Bug #29042 Need documentation page on how InnoDB handles blobs
Submitted: 12 Jun 2007 4:53 Modified: 30 Apr 2009 15:46
Reporter: Alexander Rubin Email Updates:
Status: Closed Impact on me:
None 
Category:MySQL Server: Documentation Severity:S4 (Feature request)
Version:any OS:Any
Assigned to: Paul DuBois CPU Architecture:Any
Tags: blobs, documentation, innodb

[12 Jun 2007 4:53] Alexander Rubin
Description:
Original test case:

CREATE table ib_16k (
       i int primary key not null auto_increment,
       c1 varchar(2000) , c2 varchar(2000), c3 varchar(2000), c4
 varchar(2000),
       c5 varchar(2000), c6 varchar(2000), c7 varchar(2000), c8
 varchar(2000) )
 ENGINE=innodb;

DO @str2k := repeat ('2000chars_',200) ; 

INSERT INTO ib_16k VALUES (NULL, @str2k, @str2k, @str2k, @str2k, @str2k, @str2k, @str2k, @str2k);

-- this will insert 8 2000bytes chars in the table

SHOW TABLE STATUS like 'ib_16k_1row' \G

           Name: ib_16k_1row
         Engine: InnoDB
        Version: 10
     Row_format: Compact
           Rows: 1
 Avg_row_length: 131072
    Data_length: 131072
Max_data_length: 0
   Index_length: 0
      Data_free: 0
 Auto_increment: 2
    Create_time: 2007-06-06 19:56:37
    Update_time: NULL
     Check_time: NULL
      Collation: latin1_swedish_ci
       Checksum: NULL
 
We have added one 16K row in the table, but get 128K data.

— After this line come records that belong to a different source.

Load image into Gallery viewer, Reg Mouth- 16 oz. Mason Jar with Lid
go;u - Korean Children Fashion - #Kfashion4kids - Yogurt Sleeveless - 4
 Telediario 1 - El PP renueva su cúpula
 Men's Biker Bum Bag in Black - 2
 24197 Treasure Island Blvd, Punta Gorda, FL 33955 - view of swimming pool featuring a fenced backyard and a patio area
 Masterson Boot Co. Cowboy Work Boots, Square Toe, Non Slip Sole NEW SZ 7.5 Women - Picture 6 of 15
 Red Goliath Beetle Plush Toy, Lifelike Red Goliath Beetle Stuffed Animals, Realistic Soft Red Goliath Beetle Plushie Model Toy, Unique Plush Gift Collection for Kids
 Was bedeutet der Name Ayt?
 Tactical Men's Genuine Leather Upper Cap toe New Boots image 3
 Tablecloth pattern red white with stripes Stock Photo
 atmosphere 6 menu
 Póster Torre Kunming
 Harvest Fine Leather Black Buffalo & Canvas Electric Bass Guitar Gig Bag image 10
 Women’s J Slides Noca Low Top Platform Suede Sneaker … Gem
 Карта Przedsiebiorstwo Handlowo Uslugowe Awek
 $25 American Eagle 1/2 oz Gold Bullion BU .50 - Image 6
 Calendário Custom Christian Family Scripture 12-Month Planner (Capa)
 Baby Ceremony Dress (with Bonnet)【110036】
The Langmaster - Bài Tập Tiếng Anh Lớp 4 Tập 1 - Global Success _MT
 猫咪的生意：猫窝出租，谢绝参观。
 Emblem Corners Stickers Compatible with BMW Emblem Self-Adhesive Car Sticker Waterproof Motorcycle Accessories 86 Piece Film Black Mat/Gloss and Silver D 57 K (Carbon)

However, if we will add only 8000 bytes with the same large varchars or texts or blobs, it will get only one 16K data.

According to the documentation, InnoDB put first 768 chars of each text/blob in the page and will allocate some space outside of the page. 

The following things are missing in the doc:
* if the total size of the row is less than 8100 bytes InnoDB will not allocate additional space for blobs, even if each blob is larger than 768.
* InnoDB will allocate additional space outside of the page for _each_ blob (if we have 8 blobs 8xN bytes will be allocated).
* How much space InnoDB allocates for each blob.

How to repeat:
http://dev.mysql.com/doc/refman/5.0/en/innodb.html page does not contain complete  information about how InnoDB handles blobs/texts fields

Suggested fix:
Create doc page "How InnoDB handles blobs/text"
[13 Jun 2007 9:58] Valeriy Kravchuk
Thank you for a reasonable documentation request.
[28 Jul 2008 14:12] MC Brown
Assigning to Paul
[15 Apr 2009 16:43] Paul DuBois
I ran some additional tests, checking the Data_length value for the
table for various amounts of data inserted into the 8 table string
columns.  I did not try to find the exact cutoff when the Data_length
values changed, but the results show a pattern:

Bytes inserted    Data_length
8 x 1000 = 8000   16K
8 x 1010 = 8080   32k
8 x 1050 = 8400   48K
8 x 1100 = 8800   64K
8 x 1150 = 9200   80K
8 x 1250 = 10000  96K
8 x 1400 = 11200  112K
8 x 1700 = 13600  128K
[24 Apr 2009 19:18] Paul DuBois
re:

"The following things are missing in the doc:
* if the total size of the row is less than 8100 bytes InnoDB will not allocate additional
space for blobs, even if each blob is larger than 768."

Heikki says:

"The old InnoDB file format always stored 768 first bytes of every column locally and was only able to store non-locally the remaining part."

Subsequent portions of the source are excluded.